The radical pro-abortion lobby and its allies in the media are out to vilify and destroy Scott Lloyd.
The New York Times calls him an “anti-abortion crusader.” A Washington Post columnist calls him an “anti-abortion zealot.”
Meanwhile, in its news section, the Post underscores that Lloyd, who serves in the Trump administration as director of the Office of Refugee Resettlement, has six children. The National Abortion Rights Action League calls him “misogynistic.”
So, who is Lloyd and why is he so rotten?
Prior to serving in the Trump administration, Lloyd worked as an attorney for the Knights of Columbus, where he helped lead the fight for ethnic and religious minorities victimized by ISIS.
Lloyd also did pro-life public policy work, as the Knights are deeply committed to protecting the unborn and their mothers.
Given this background, Lloyd was an excellent pick to head up the Office of Refugee Resettlement, where he recently tried to protect two vulnerable people: “Jane Doe,” an underage immigrant who was caught crossing the border illegally, and her unborn child, whom even an American Civil Liberties Union legal motion referred to as a “baby.”
Doe was immediately apprehended crossing the border, and placed at a shelter in Texas operated by the Office of Refugee Resettlement.
In these cases, the government tries to find a sponsor, usually a family member, who can care for mother and child while their immigration cases are pending. Until a sponsor is found, it is the government’s job to protect and provide for them.
In the case of Doe, she had no family and friends in the U.S., complicating efforts to find her a sponsor. Meanwhile, she said she wanted an abortion.
Recognizing that she is a pregnant minor, far away from friends and family, the Office of Refugee Resettlement sought to provide Jane and baby Doe with compassionate care—not abortion.
In doing so, Lloyd and his team were carrying out administration policy while simultaneously giving the teenage girl and the unborn child excellent care.
The ACLU took the matter to court, and eventually the D.C. Circuit Court of Appeals ordered the government to allow Doe to get an abortion. Baby Doe was aborted at over 15 weeks.
At this point in pregnancy, the website BabyCenter tells us that the unborn child can move all her joints and limbs, and that although her eyelids are still fused shut, she can sense light.
She is also forming taste buds, and now ultrasound can discern the baby’s sex.
Now, only the abortionist will know the baby’s sex, if he even bothered to look. Baby Doe’s eyelids will never open—either on American soil or in her mother’s homeland (which is not named in court filings, but is clearly a country where elective abortions are illegal).
And the life of this young girl will never be the same.
Lloyd should be applauded for his work, and instead he’s being demonized and personally attacked. He cared for this young girl and her child, carrying out the policies of a pro-life administration.
The ugliness is obvious, the pro-abortion lobby and its allies in the media are warning personnel across the administration: Carry out pro-life policies and we will assail you, your family, and your religious heritage. We’ll print the name of your wife, the number of children you have, and your religion.

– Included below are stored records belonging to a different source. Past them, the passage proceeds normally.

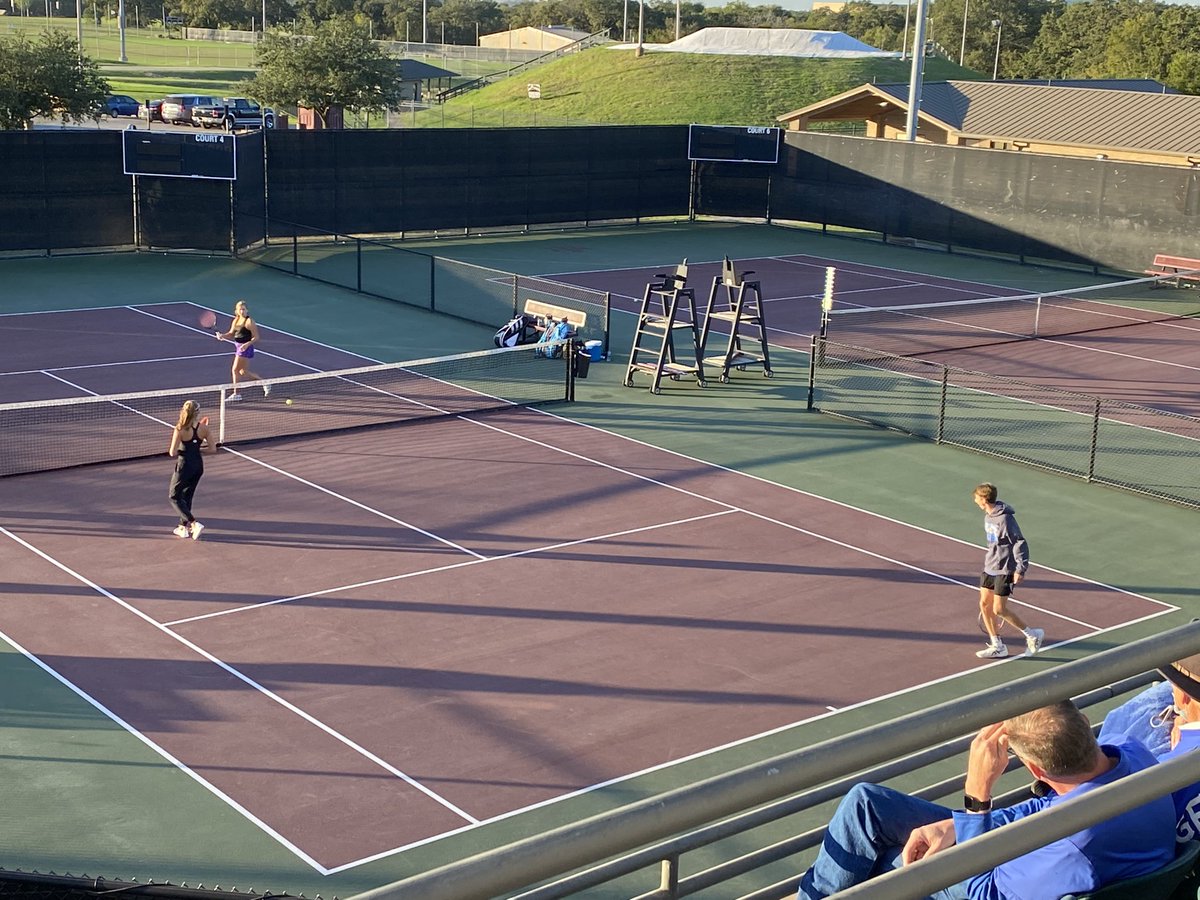 Jason Dean (@coachdean_gisd) on Twitter photo <a href="/GHS_eagletennis/">Georgetown HS Tennis</a> is getting after it at Texas AM in the #UILState tourney vs Abilene Wylie.
#LetsGoBlue. <a href="/GHS_eagletennis/">Georgetown HS Tennis</a> is getting after it at Texas AM in the #UILState tourney vs Abilene Wylie.
#LetsGoBlue.
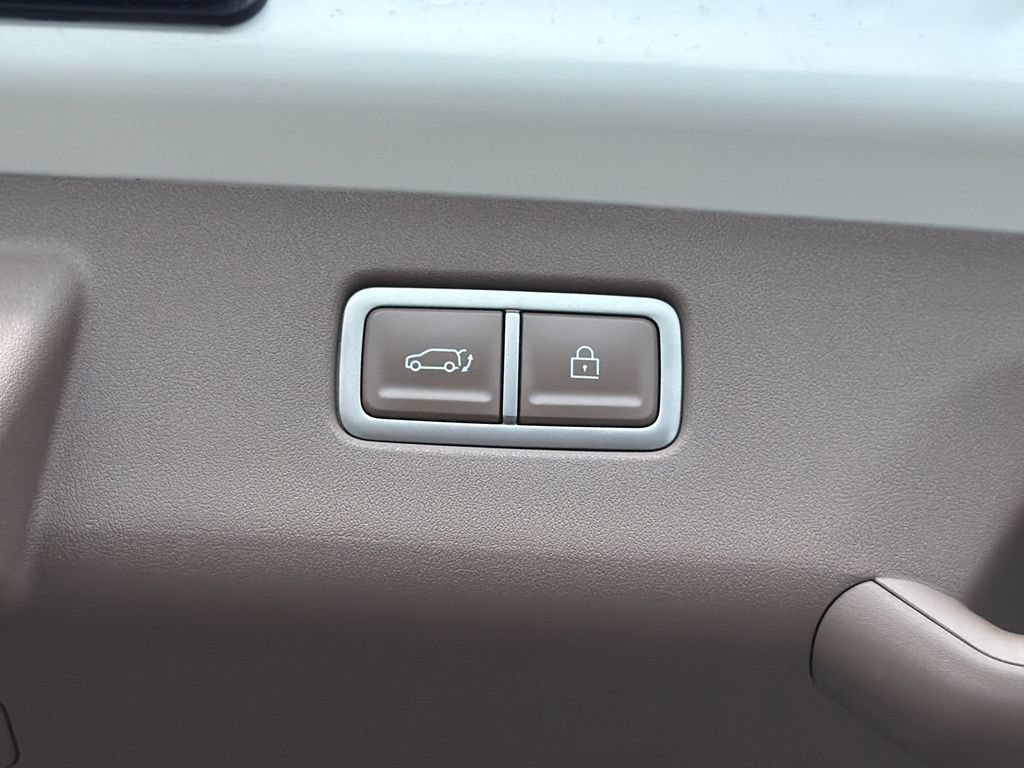 New 2026 Kia EV9 GT-Line AWD/4WD image 7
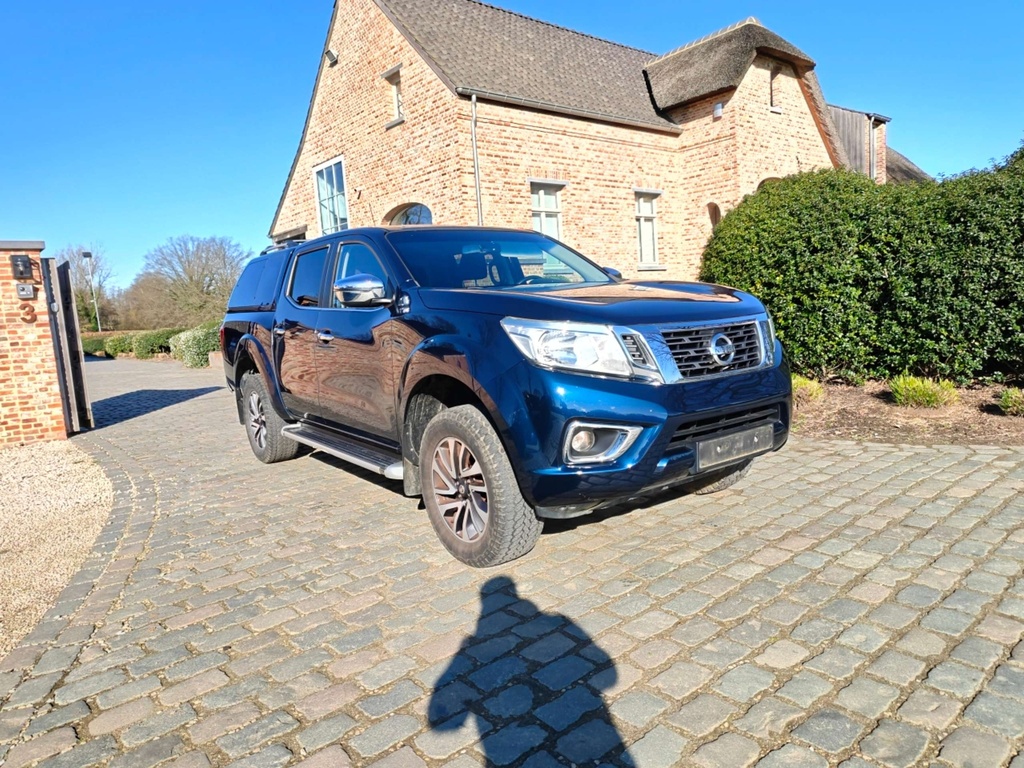Autoscout Image 3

How easily these forces ignore recent history. Under the Obama administration, Health and Human Services officials tried to force nuns to pay for abortion-inducing drugs, contraception, and sterilization.
They bullied states into funding Planned Parenthood. They welcomed illegal immigrants but routinely helped to abort their children.
Yet we cannot recall a single instance where major media demonized any political appointee carrying out administration policy.
The early end of the life of baby Doe is a blot on our nation and a mark against the claims of certain groups that they “welcome the stranger.”
That is sad enough, but to turn this profound debate about the width of America’s golden door into a smear of someone like Lloyd is worse than a blot—it is a disgrace.